La filatura italiana si presenta al via di Pitti Filati con un quadro settoriale in cui dominano i chiaroscuri: per un 2017 in recupero rispetto al 2016 c’è una situazione di stabilità senza picchi simile a quella del 2015. A dirlo è il Centro Studi di Confindustria Moda, che ha registrato un fatturato globale simile al 2016, poco più di 2,8 miliardi di euro, meno quindi delle stime rilasciate a gennaio in occasione della precedente edizione di Pitti Filati, quando era atteso un +0,8.
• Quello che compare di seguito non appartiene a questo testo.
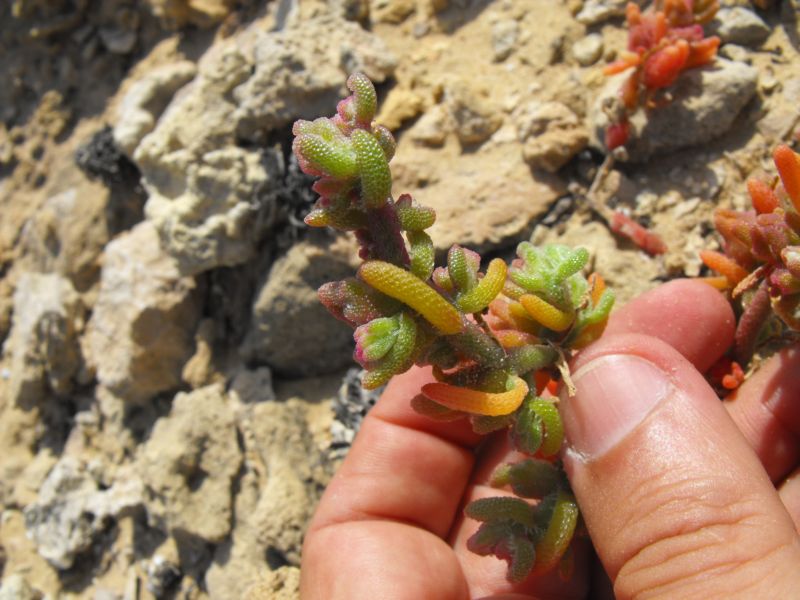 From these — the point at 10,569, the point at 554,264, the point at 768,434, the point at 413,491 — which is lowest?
the point at 10,569

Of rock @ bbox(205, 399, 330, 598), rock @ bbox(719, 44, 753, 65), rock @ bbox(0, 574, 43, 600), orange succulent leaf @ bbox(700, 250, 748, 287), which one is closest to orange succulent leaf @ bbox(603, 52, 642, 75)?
rock @ bbox(719, 44, 753, 65)

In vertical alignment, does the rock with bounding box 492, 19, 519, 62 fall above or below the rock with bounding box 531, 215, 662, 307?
above

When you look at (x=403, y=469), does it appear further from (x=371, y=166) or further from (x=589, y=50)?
(x=589, y=50)

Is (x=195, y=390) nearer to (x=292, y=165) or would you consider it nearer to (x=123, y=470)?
(x=123, y=470)

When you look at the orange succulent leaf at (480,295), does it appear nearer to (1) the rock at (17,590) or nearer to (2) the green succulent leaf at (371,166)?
(2) the green succulent leaf at (371,166)

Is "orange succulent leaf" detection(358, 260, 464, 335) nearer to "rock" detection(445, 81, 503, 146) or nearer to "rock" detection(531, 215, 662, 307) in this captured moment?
"rock" detection(531, 215, 662, 307)

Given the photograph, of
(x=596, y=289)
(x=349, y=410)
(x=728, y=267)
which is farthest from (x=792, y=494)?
(x=349, y=410)

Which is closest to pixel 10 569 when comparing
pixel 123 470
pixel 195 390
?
pixel 123 470

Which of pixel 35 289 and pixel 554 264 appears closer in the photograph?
A: pixel 554 264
La filatura laniera si conferma il comparto preponderante (82,7% del turnover settoriale), mentre il filato di cotone copre il 14,8%, seguito dal filato liniero al 2,5%. La crescita, sia pure limitata, è arrivata per lana (+0,3%) e, dopo un biennio negativo, per il cotone (+1,1%). Male invece il lino.
L’export ha limitato i danni del 2016 passando da -4,9% a -0,4%. L’andamento negativo rimane per i filati misti chimico/lana (-4,8%), per i filati destinati all’aguglieria (-10,7%) e per i filati di lino (-8,2%). Crescono invece le esportazioni di filati lanieri pettinati (+1,9%) e cardati (+2,7%), così come dei filati di cotone (+1,5%). L’import cala rispetto al ritmo di crescita messo a segno nel 2016 (+3,8%) ma resta a +0,6%.
Alla fine il saldo commerciale della filatura italiana, positivo nel periodo 2012-2015, resta in deficit per 62 milioni di euro. Il surplus con l’estero è, del resto, circoscritto ai filati cardati per 146 milioni di euro e ai filati per aguglieria, in avanzo per 56 milioni.
Il 2018 pare essersi aperto con numeri migliori e con un buon export (+5,5% rispetto al medesimo periodo del 2017). Bene i filati pettinati (+15,2%), i cardati (+1,0%) e i filati per aguglieria (+5,7%). Per i cardati il primo mercato (22,9%) è la Croazia, per i filati pettinati resta al primo posto Hong Kong, per i misti chimico-lana l’Austria (+9,8%), per il cotone la Germania.